表通りから入り込んだ家に通じる細い道のことだ。
ロージには二種類あって、一軒ロージと呼ばれる一軒の家専用のものと、数件共用のものがある。
このようなロージは京都の中心部の街中の町内には2〜3本はある。
(街中の町内は通りから次の通りまでの区間が一つの町内になっているところが多い)
行き止まりになる細い道を「路地(ロージ)」と言い。それに対して次の通りへ抜けている細い道を「図子(ずし)」という。
ロージの多さに比べて図子の数は少ない。ロージには名前が付かないが、図子には呼び名がつく。
例えば「膏薬(こうやく)図子」や「了頓(りょうとん)図子」。表通りにはなれないが、それに準ずる扱いを受けていたのだろう。
ロージは自動車が幅を利かせている現代で、最後に残った人間の道である。自分の家から一歩出るが、表通りまでは出ない。そこの住人だけのプライベートスペースであり、昔は子どもたちの格好の遊び場になっていた。また一軒ロージは茶庭の風情を感じさせる路地もある。
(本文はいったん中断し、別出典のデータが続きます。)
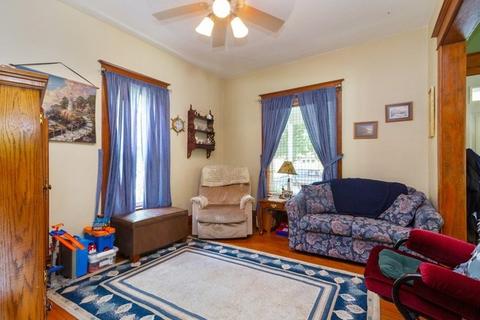 491 S Winfield Ave, Kankakee, IL 60901 photo 3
写真は四条通から綾小路通に抜けられる膏薬図子からさらに入り込んだロージ。今はなくなって店舗スペースに生まれ変わっている。その昔、このT字型のロージには数件の家があり、突き当たりにお地蔵さんが鎮座していた。ロージの中に住む子どもたちを見守り、地蔵盆も賑やかに行われていたことだろう。
ご近所のほど良い間合いの付き合いが身に付いてきた生活は、こういう空間から熟成されてきたのかもしれない。